Forward-looking: Thanks to the rise of mobile payment services such as Google Pay, today's consumers can go shopping with only their handsets in their pockets. But Amazon is reportedly testing a payment system that doesn't even require a phone---it uses people's hands.

According to the New York Post, the company is testing new scanners that can identify people's hands as a way of making store purchases. It hopes to roll out the technology, codenamed 'Orville,' to its Whole Foods supermarket chain over the coming months.

Amazon is reportedly testing Orville in its New York offices, where it's installed on several vending machines selling chips, sodas, and phone chargers.
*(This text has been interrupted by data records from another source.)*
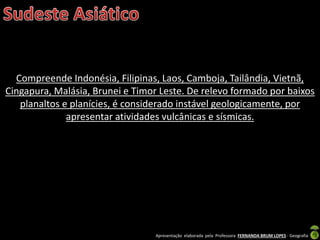 Apresentação elaborada pela Professora FERNANDA BRUM LOPES - Geografia
Compreende Indonésia, Filipinas, Laos, Camboja, Tailândia, Vietnã,
Cingapura, Malásia, Brunei e Timor Leste. De relevo formado por baixos
planaltos e planícies, é considerado instável geologicamente, por
apresentar atividades vulcânicas e sísmicas.
 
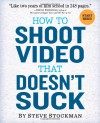 How to Shoot Video That Doesn't Suck - Steve Stockman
Unlike most other biometric identification systems that require users to physically touch something, such as a fingerprint reader, Amazon's system doesn't require any physical contact with a surface. It uses computer vision and depth geometry to process and identify the shape and size of a hand, at which point it will charge store purchases to a credit card on file.

The system works in a similar way as the 18 Amazon Go stores located around the US, where shoppers can pick up goods and leave, providing they use a phone app to check-in at a turnstile---though the firm did say it will start accepting cash to avoid 'discrimination' concerns. Shopping could be even faster with the hand-based method, and you won't need a wallet or phone as long as you're a Prime member and don't mind handing over your biometric data to Amazon.

Orville is currently accurate to within one ten-thousandth of 1 percent, but sources say Amazon engineers want to improve it to a millionth of 1 percent before its launch.

The Post writes that Amazon aims to introduce the technology to Whole Foods stores by the start of next year and expand it to all US locations. When asked about its plans, a company spokesperson said: "We don't comment on rumors or speculation."